In its own mechanics, the song deploys warping and quivering organ-like harmonies, inviting yet macabre, making clear that our audio hallucination hasn’t ended. After that prelude, glittering notes begin to dance and dart like sprites as the bass muses and echoing ghostly wails rise up and descend, joined by jagged muttered words.

The bass begins to throb and bubble, the drums begin to thump, the vocals transform into slow demented snarls, the surrounding sprites feverishly blurt and scream, levitating the song in disturbing fashion. The vocal collage is unnerving, and so too is the music, especially when the drums launch a staggering march and the chords dismally drag.

 

And finally we finish with “Great Cleansing III“, a call to battle against the forces that would banish the devil’s ancient magic, that song that Damjan characterized as one that “seems to almost be a normal song structure by MRTVI standards”. This is, of course, a relative sense of normality.

The music pings and rings like ethereal chimes around a picked pulse, and the bass and drums give us a pounding, head-nodding groove. The piano makes its entrance as the tapestry of sound grows more elaborate, off-set by the ugliness of the ensuing vocals.

The groove switches and bounces; saxophone-like tones lend their own pulse; the vocals descend into gravelly baritone intonations; piano-sparks and searing waves fly high above. Other sounds warble and doppler in and out, or screech like birds on fire.
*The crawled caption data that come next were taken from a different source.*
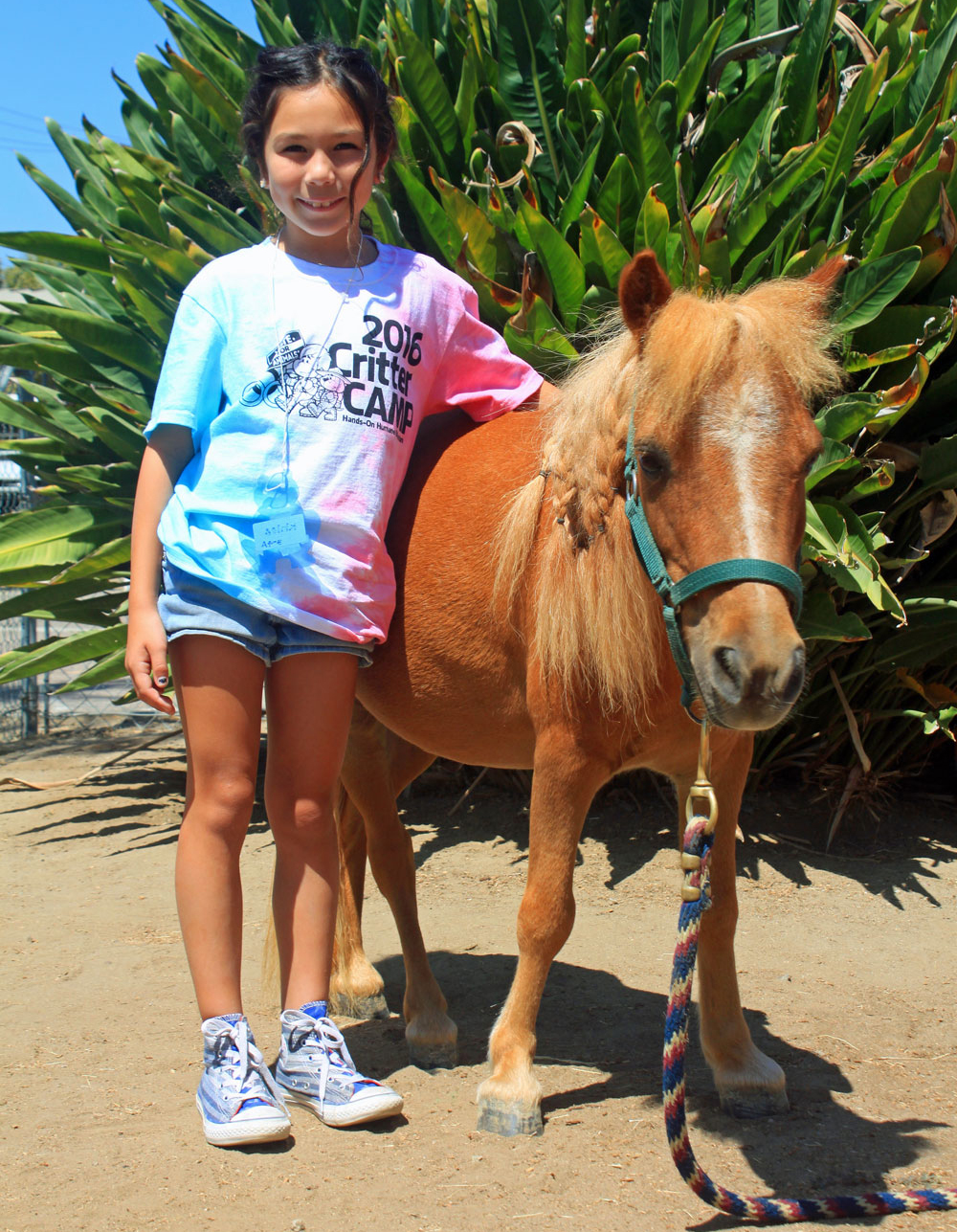 Summer Critter Camp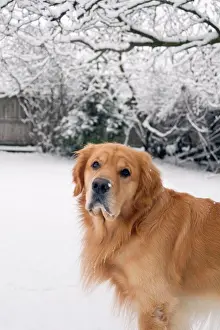 Weather Prints: Golden Retriever outdoors in the snow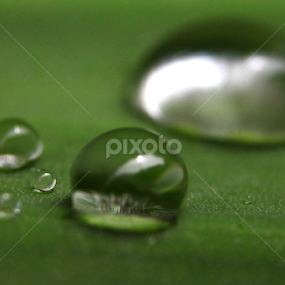 Fresh Morning Dewdrops by Syed Hasibul Hasan - Nature Up Close Natural Waterdrops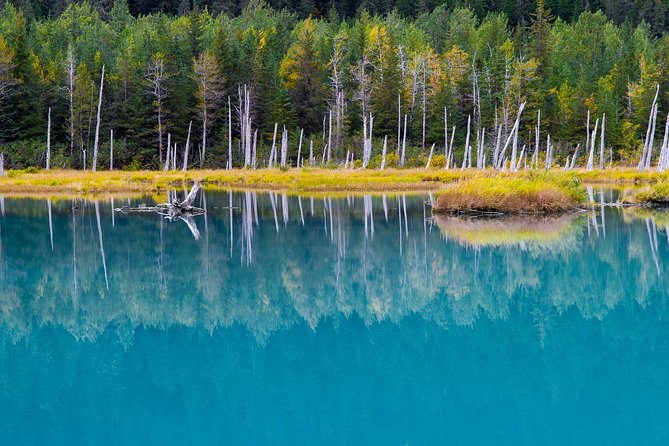 Glacier & Wildlife Discovery Tour - Wildlife Viewing Opportunities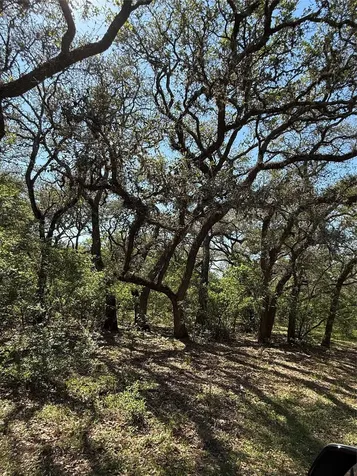 1222 Cr 2152 Rock Island TX 77470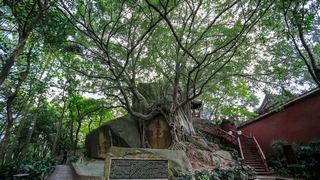 于山风景区 景点图 401_15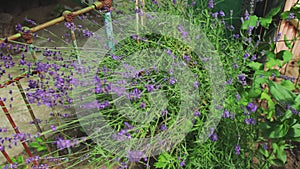 A purple beautiful lavender flower grows in the summer in the country. Slow motion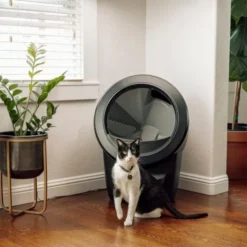 Whisker Litter-Robot 4 Selvrensende Kattetoalett Sort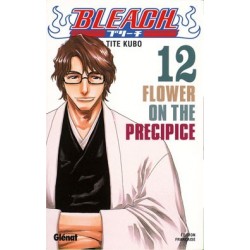 Bleach T.12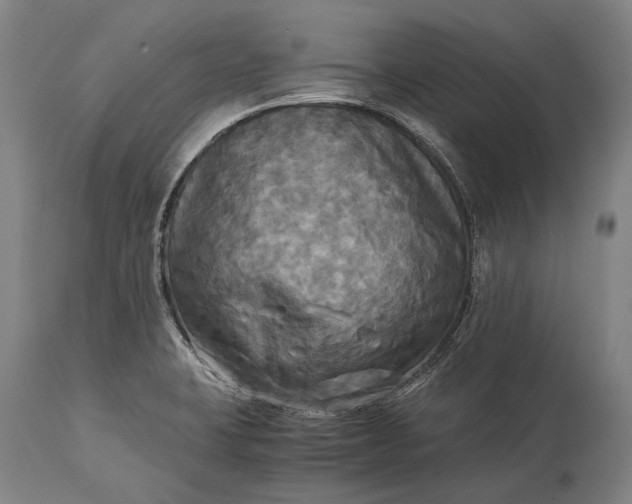 X0000115311423200911161710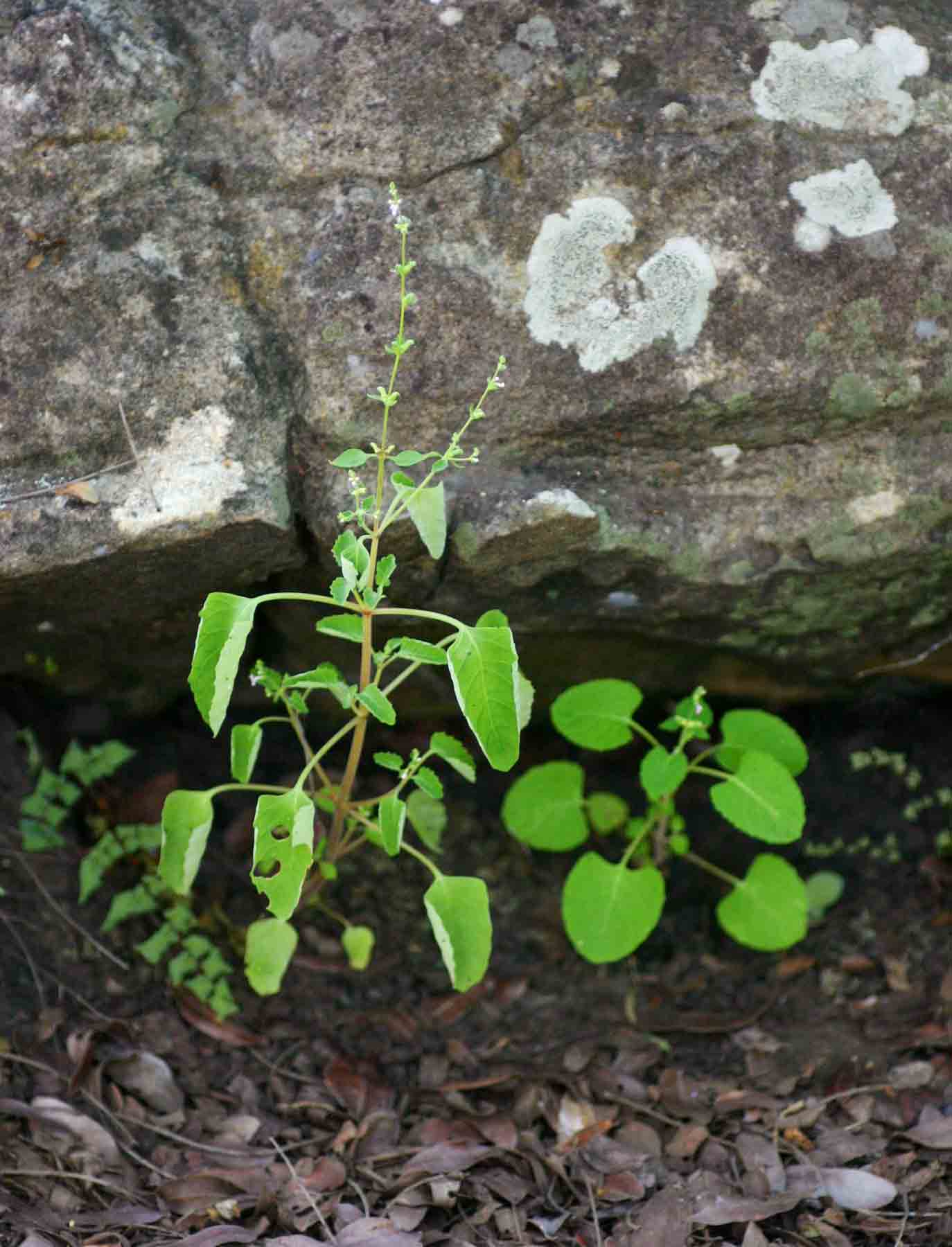 Aeollanthus neglectus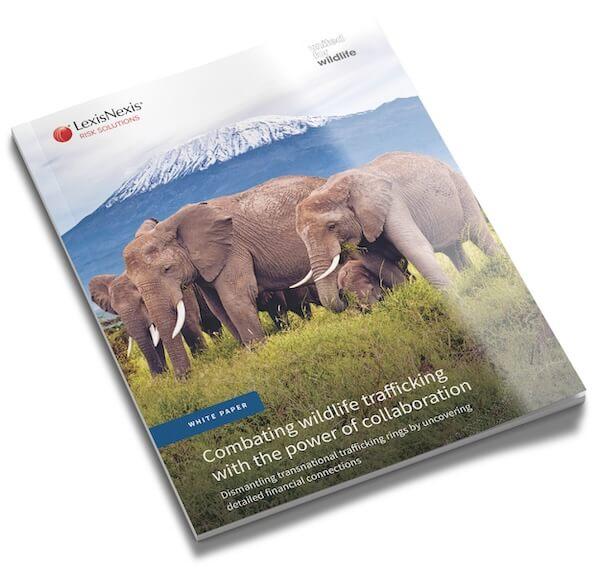 An image of the front cover of the report featuring an African Elephant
Those sax-like sounds reappear, almost exultant.

Well, the grooves, as variable as they are, are prominent, but that’s about all you can really hold onto. Everything else is like a deranged dream.

So here’s the question that took hold as this writer looped back and forth through the EP, which doesn’t just cut through the boundaries of black metal but chops them all down and makes a fire of them: How can something so strange, so unpredictable, and so often unsettling be so damned seductive, to the point of quickly becoming addictive?

Great Cleansing Come Upon Us will be released on Bandcamp through Life As A Dream Records on December 15th.